La notizia della morte di Davide Astori è stato uno shock fortissimi per il mondo del calcio, non solo in Italia ma anche all'estero. Il minuto di raccoglimento osservato durante le gare di Coppa e prima delle amichevoli internazionali ha acceso i riflettori sulla tragica vicenda e fermato le lancette del tempo a quel ‘maledetto' 4 marzo quando la Fiorentina ha scoperto il cadavere del capitano, 31enne, deceduto nel sonno nella stanza d'albergo (la numero 118) scelto come ritiro prima della gara di campionato con l'Udinese. E' il portale francese sofoot.com a raccontare cosa è accaduto in quel giorno che ha cambiato per sempre la vita dell'ambiente toscano, lo fa attraverso le parole di Giovanni Simeone.

Ero rimasto con lui il sabato sera fino alle 23.00. La domenica mattina mi sono svegliato alle 9, qualche ora dopo, verso mezzogiorno, c'era in programma la sessione video. Ero in stanza con Pezzella e avevo deciso di dormire un altro po', poi abbiamo sentito bussare alla porta. Era mister Pioli. Dopo aver aperto ho appreso la notizia più brutta della mia vita.

Come fai a dimenticare cose del genere? Non puoi. Per quanto le possa elaborare, le porterai sempre dentro con te come segno della sofferenza e insegnamento per il futuro, sì da non sprecare ogni attimo che la vita ti concede in sciocchezze/cattiverie/stupidità e quant'altro serva solo ad ammorbare l'esistenza.

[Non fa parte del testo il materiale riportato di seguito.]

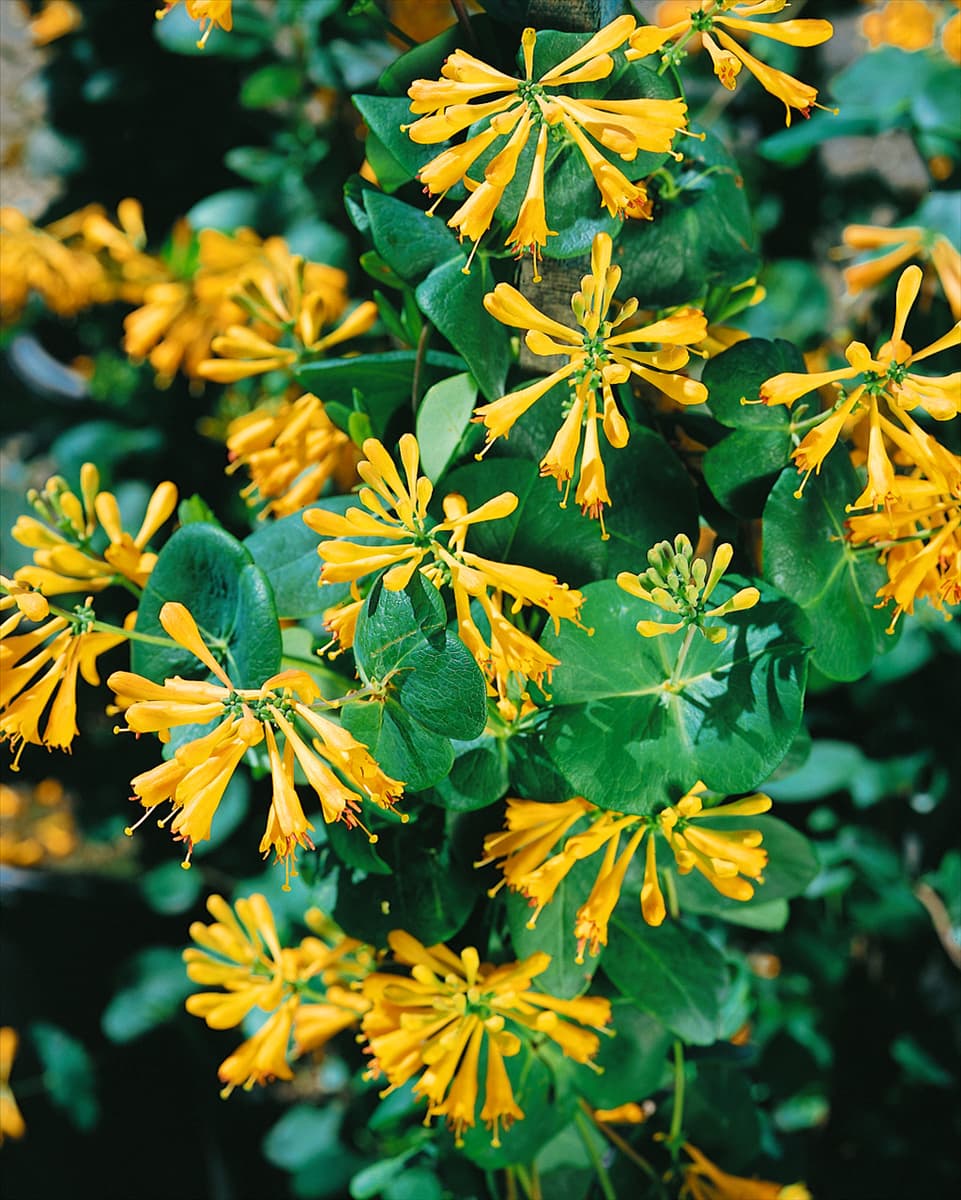 LONICERA x brownii Hummingbirds Gold (PPAF) / Kristin's Gold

Davide aveva un rapporto bello con tutti – ha aggiunto Simeone -. Se avevi qualcosa da dire, lui ti ascoltava. Mi piaceva allenarmi vicino a lui in palestra, per parlare di come poteva crescere la squadra. La partita col Benevento è stata la peggiore della mia vita, non avrei mai pensato di trovare così tante difficoltà a giocare a calcio.

Basta fare mente locale e ricordare le parole usate dal tecnico, Stefano Pioli, per immedesimarsi nel dolore e nel trauma che avvenimenti del genere possono causare. La ricostruzione di quei momenti è da brividi.

Sono arrivato davanti alla stanza numero 118 in pigiama, Sportiello era già lì ‘Mister, Davide se n’è andato' – ha raccontato al Corriere fiorentino -. Ma ancora non avevo compreso fino in fondo la tragedia: poi, aprendo la porta, ho visto Astori lì, fermo nel suo letto. Sembrava che dormisse, non era così.